Diskerud occupies a key role in Klinsmann’s plans for the post-Brazil Stars and Stripes. He started on the right against Mexico in San Antonio, away from his preferred spot in the center of the field but still on the pitch. That’s what matters. He says he enjoyed the partnership with DeAndre Yedlin, the defender’s speed pairing well with Diskerud’s vision. Thomas Rongen, the former U-20 coach who initially recruited Diskerud to the U.S. program — asking the player if he had an American passport as he lined up to take a corner kick (“An outswinger,” Rongen told me. “He’s a very good striker of the ball.”) at a friendly in Mexico — argues that his former charge isn’t a natural defender but he’s willing and able to understand what is needed. “He’s as free-flowing on the field as he is off the field,” Rongen says. “People might interpret that as laissez-faire. What I noticed was that when you did put him on the field, he was very competitive.”
Against El Tri, Diskerud made four of his team’s 22 tackles and nine recoveries. He won three sliding challenges and a few 20-yard sprints to loose balls. On a brutally bad field — “The worst I’ve ever played on,” he said two days after the match — he nearly connected a couple of key passes and completed 73 percent on the night, a tick better than the team’s overall percentage. But his happiest moment came when teammate Juan Agudelo scored his first international goal in four years. Diskerud, who assisted on Agudelo’s game-winner against South Africa on the night in 2010 when they both earned their first caps, was the first man to reach the forward, yelling encouragement into his ear. He wants his boys to succeed as much as, if not more than, he does. When the midfielder came off in the 81st minute, Klinsmann greeted him with a big smile and an enthusiastic double high five. Diskerud wasn’t perfect, but he did his job.
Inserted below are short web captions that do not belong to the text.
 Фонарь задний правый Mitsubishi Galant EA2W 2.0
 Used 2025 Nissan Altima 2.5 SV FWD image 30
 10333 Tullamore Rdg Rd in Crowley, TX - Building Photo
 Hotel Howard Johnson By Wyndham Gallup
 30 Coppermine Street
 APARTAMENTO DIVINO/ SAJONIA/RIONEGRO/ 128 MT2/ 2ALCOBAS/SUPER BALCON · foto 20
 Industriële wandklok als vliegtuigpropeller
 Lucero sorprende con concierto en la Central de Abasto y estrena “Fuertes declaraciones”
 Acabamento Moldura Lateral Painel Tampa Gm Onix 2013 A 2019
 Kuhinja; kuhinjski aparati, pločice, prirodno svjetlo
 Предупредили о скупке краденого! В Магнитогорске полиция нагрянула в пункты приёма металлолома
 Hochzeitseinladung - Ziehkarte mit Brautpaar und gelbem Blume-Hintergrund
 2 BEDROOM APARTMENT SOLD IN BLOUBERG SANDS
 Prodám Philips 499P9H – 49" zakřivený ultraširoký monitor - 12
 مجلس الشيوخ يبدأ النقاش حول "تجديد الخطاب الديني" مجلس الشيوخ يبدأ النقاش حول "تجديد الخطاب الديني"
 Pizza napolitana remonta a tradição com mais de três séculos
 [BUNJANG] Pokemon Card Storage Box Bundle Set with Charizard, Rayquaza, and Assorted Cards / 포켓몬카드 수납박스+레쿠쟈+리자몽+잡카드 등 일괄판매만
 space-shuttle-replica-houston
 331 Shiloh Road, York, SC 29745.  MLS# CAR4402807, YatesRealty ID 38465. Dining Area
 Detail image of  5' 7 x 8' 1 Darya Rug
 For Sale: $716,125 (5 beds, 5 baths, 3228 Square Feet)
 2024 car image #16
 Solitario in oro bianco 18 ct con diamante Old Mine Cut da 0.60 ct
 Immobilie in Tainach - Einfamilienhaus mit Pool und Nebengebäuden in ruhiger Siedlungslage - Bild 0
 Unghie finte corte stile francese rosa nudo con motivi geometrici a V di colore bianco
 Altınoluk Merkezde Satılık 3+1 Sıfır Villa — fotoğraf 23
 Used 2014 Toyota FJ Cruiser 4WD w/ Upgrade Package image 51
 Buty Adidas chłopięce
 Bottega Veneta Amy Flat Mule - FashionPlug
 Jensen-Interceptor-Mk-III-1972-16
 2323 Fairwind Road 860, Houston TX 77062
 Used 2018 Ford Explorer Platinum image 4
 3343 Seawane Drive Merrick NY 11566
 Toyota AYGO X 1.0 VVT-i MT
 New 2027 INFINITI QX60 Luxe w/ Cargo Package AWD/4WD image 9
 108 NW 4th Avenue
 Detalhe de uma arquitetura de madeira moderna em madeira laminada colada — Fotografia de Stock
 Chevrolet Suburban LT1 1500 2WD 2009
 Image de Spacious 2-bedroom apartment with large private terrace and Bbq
Two days after the U.S.-Mexico game, Diskerud arrived for a photo shoot 10 minutes late, apologizing for his tardiness as he walked into an old barbershop on the Upper East Side. He looked straight off the runways of Fashion Week Rivendell: white high-tops that matched his shining teeth; tight red pants; a long, angular gray T-shirt beneath a black coat with an equally angular hem; the ubiquitous Yankees hat — this one in sky blue — topping the ensemble. (A “dream-come-true” deal with hat company New Era means Diskerud is getting a signature cap, NYCFC colors with a “Mix” logo.) A necklace of an Egyptian pharaoh, an oversized watch, and two rings provided the outfit’s accents. The elfin vibe Diskerud displays on the field is also evident off the pitch, assisted, it must be said, by the long hair he swears he’ll never cut. (His American passport bears a photo of him with short hair after an ill-advised chop; he has trouble convincing people it’s him.) He’s totally comfortable in the unreal setting of a photo shoot at a working barbershop, posing with ease and a natural grace. “Off the field, he’s a handsome guy,” Rongen says. “He plays that part to a certain extent. That’s smart.” Diskerud knows he has a disarming charm and uses it to his advantage. He comes off as the footballer you’d want to take home to Mom.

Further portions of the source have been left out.